Im Verband ist man bemüht, die Sonderrolle Schröders nicht zu groß werden zu lassen. „Wir haben ja nicht nur Dennis“, lautetet eines der Mantras von Rödl, und dann zählt der Bundestrainer auf: „Danilo Barthel ist Kapitän von Bayern München, Niels Giffey ist Kapitän in Berlin. Wir haben mittlerweile so viele Spieler, die in ihren Clubs Verantwortung übernehmen.“ Trotzdem ist Schröder in der Offensive der Dreh- und Angelpunkt, er gibt den Takt vor und leitet fast alle Angriffe ein. Doch das wahre Prunkstück der deutschen Mannschaft ist die Defensive. Es herrscht eine große Aggressivität und Bereitschaft, gegen den Ball und nach hinten zu arbeiten – auch Schröder stellt hier keine Ausnahme dar. „In der Verteidigung haben wir so viel Potenzial, dass es eigentlich an keinem Tag eine Schwachstelle sein darf“, sagte Maximilian Kleber selbstbewusst. Der Profi der Dallas Mavericks zählt zu den stärksten Verteidigern der NBA, das will der ehemalige Teamkollege von Dirk Nowitzki auch bei der WM beweisen.

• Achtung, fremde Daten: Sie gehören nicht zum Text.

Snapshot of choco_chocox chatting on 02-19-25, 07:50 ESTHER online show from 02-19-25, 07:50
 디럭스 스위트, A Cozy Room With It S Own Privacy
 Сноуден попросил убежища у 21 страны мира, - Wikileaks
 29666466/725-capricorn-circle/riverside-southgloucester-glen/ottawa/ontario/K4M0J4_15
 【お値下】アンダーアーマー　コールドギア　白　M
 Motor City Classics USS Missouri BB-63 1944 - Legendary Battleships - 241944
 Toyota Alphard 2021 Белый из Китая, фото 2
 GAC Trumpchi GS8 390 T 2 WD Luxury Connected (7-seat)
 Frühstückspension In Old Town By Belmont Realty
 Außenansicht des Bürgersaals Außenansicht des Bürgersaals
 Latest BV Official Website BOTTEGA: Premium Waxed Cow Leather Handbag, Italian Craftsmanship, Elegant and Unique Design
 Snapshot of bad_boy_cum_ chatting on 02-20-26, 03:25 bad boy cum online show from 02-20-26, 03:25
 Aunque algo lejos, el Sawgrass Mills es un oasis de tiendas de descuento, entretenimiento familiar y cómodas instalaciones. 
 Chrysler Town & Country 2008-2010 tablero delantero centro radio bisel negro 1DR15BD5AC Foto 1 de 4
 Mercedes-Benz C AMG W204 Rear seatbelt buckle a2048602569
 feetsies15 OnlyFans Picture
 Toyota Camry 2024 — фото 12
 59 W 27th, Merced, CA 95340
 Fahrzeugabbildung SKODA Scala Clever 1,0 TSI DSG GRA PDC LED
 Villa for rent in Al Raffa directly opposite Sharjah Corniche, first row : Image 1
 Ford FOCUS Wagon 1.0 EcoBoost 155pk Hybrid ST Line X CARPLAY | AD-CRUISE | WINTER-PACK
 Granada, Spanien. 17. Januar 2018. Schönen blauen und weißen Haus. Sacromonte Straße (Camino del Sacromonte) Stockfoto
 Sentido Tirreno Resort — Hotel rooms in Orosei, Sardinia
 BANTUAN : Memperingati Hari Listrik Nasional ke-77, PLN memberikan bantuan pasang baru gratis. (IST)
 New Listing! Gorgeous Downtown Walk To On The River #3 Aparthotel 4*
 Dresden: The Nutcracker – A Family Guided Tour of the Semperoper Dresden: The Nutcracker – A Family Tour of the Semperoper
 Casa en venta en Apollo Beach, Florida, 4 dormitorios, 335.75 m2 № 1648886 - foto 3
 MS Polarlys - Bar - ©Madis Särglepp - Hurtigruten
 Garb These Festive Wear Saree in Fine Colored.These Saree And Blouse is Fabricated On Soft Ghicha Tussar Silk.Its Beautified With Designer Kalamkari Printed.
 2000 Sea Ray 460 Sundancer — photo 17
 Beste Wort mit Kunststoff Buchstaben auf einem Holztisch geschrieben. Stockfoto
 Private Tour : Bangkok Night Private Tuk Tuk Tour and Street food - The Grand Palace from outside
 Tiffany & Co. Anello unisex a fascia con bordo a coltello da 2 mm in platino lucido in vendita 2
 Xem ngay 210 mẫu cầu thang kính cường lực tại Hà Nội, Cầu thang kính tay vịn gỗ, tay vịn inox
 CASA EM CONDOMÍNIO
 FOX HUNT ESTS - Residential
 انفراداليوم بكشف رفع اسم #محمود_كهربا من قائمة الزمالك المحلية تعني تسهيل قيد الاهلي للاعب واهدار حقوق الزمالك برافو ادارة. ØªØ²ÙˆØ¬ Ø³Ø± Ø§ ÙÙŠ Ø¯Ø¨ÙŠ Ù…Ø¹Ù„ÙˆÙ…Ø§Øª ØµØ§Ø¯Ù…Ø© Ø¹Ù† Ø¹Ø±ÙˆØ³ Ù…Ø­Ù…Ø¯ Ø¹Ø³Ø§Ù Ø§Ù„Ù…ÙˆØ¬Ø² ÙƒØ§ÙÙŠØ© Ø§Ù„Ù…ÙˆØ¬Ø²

Sieben Teams qualifizieren sich direkt für Tokio
Das einzige Manko ist – zumindest auf dem Papier – die Erfahrung. Die DBB-Auswahl ist jung, einzig Kapitän Robin Benzing ist älter als 29. Das könnte in Drucksituationen den Ausschlag geben. Das Team will sich darüber aber nicht schon im Vorfeld den Kopf zerbrechen, sondern lieber unbekümmert an die Sache rangehen. „Verstecken müssen wir uns nicht, wir haben eine echt geile Mannschaft“, sagt Kleber. „Wir haben richtig Bock auf die WM.“ Zu gewinnen gibt es nicht nur eine Medaille und vielleicht sogar den ersten WM-Titel einer deutschen DBB-Mannschaft überhaupt, sondern auch ein Ticket für die Olympischen Spiele 2020. Insgesamt qualifizieren sich sieben Teams direkt für Tokio. „Olympia ist für jeden Sportler das allergrößte Ziel“, weiß Rödl, doch diese Zusatzmotivation hätten auch alle anderen Mannschaften.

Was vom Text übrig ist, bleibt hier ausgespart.